What is the Communications and Society Program?
The Communications and Society Program is an active venue for framing policies and developing recommendations in the information and communications fields. As one of over thirty policy programs at the Aspen Institute, the Program provides a multi-disciplinary space where veteran and emerging decision-makers can develop new approaches and suggestions for communications policy. The Program enables global leaders and experts to explore new concepts, exchange insights, develop meaningful networks, and find personal growth, all for the betterment of society.

The Program’s projects range across many areas of information, communications and media policy. Activities focus on issues of open and innovative governance, public diplomacy, institutional innovation, broadband and spectrum management, as well as the future of content, issues of race and diversity, and the free flow of digital goods, services and ideas across borders.

Who leads the Aspen Institute Communications and Society Program?

Charles M. Firestone is executive director of the Aspen Institute Communications and Society Program. Since his appointment in December 1989, the Program has focused on the implications of communications and information technologies for leadership, the impact of new technologies on democratic and social institutions, and the development of new communications policy models and options for the public interest. He was also the Institute's executive vice president for policy programs and international activities from 1997-2000.

Prior to his positions with the Aspen Institute, Mr. Firestone was director of the Communications Law Program at the University of California at Los Angeles and an adjunct professor of law at the UCLA Law School. He was also the first president of the Los Angeles Board of Telecommunications Commissioners, which advises the Mayor and City Council on all regulatory matters relating to the cable and telecommunications fields.

Mr. Firestone's career includes positions as an attorney at the Federal Communications Commission, as director of litigation for a Washington DC public interest law firm, and as a communications and entertainment attorney in Los Angeles. He has argued several landmark communications cases before the United States Supreme Court and other federal appellate courts. Mr. Firestone is the editor or co-author of seven books, including Digital Broadcasting and the Public Interest (The Aspen Institute, 1998) and Television and Elections (The Aspen Institute, 1992), and has written numerous articles on communications law and policy.
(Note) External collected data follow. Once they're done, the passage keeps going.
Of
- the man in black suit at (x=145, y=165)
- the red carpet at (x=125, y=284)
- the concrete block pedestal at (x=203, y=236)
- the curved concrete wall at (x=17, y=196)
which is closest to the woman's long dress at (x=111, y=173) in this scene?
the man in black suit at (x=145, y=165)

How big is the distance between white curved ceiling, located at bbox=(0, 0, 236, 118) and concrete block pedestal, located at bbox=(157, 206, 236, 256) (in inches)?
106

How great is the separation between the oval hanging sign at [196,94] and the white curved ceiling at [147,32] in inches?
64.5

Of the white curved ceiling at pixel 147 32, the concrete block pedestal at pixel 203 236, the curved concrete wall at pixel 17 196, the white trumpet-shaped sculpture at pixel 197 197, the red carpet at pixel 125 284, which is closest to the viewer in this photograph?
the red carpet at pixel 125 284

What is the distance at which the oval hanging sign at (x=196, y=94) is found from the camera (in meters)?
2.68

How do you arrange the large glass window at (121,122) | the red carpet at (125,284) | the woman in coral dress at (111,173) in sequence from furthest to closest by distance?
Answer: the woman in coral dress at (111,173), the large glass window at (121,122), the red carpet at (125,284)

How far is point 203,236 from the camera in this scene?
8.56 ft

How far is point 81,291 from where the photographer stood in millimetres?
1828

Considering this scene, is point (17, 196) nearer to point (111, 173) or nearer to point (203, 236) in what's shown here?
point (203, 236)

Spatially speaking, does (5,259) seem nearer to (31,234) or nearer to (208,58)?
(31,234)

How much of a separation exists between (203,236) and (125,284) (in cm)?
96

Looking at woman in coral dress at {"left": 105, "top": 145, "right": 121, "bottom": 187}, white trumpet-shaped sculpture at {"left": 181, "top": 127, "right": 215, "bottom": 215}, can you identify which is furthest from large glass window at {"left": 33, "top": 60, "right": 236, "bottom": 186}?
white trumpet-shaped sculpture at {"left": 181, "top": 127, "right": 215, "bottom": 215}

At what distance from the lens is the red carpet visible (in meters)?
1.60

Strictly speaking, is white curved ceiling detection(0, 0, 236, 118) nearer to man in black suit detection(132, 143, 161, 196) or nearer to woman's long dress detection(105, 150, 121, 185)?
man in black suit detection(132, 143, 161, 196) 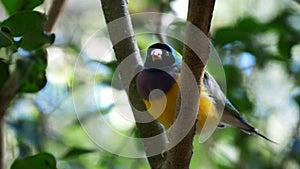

He holds degrees from Amherst College and Duke University Law School and resides with his wife, sculptor Pattie Porter Firestone, in Chevy Chase, Maryland.

Who sponsors ADDTech?
We would like to thank our senior sponsor the Jane and Marc Nathanson Family Foundation for its contribution and Dean Christopher Hill and the University of Denver’s Josef Korbel School of International Studies for their partnership and contribution to this Dialogue.

Who moderates ADDTech?
Charlie Firestone, Executive Director of the Aspen Institute Communications and Society Program, moderates the Dialogue and all other roundtables produced by the Communications and Society Program.

Who are the participants at ADDTech?
Over the years, notable participants have included Madeleine Albright, Alec Ross, Walter Isaacson and Dina Powell, among others.

Can I attend ADDTech?
Participants at the Dialogue are a carefully selected group of prominent leaders from the sometimes disparate worlds of diplomacy and technology to address how new technological tools can be used better for public or citizen diplomacy around the world. Participation at the Diplomacy and Technology conference is by invitation only.

Where does ADDTech take place?
The Dialogue on Diplomacy and Technology takes place at the Aspen Meadows Conference Center in Aspen, Colorado.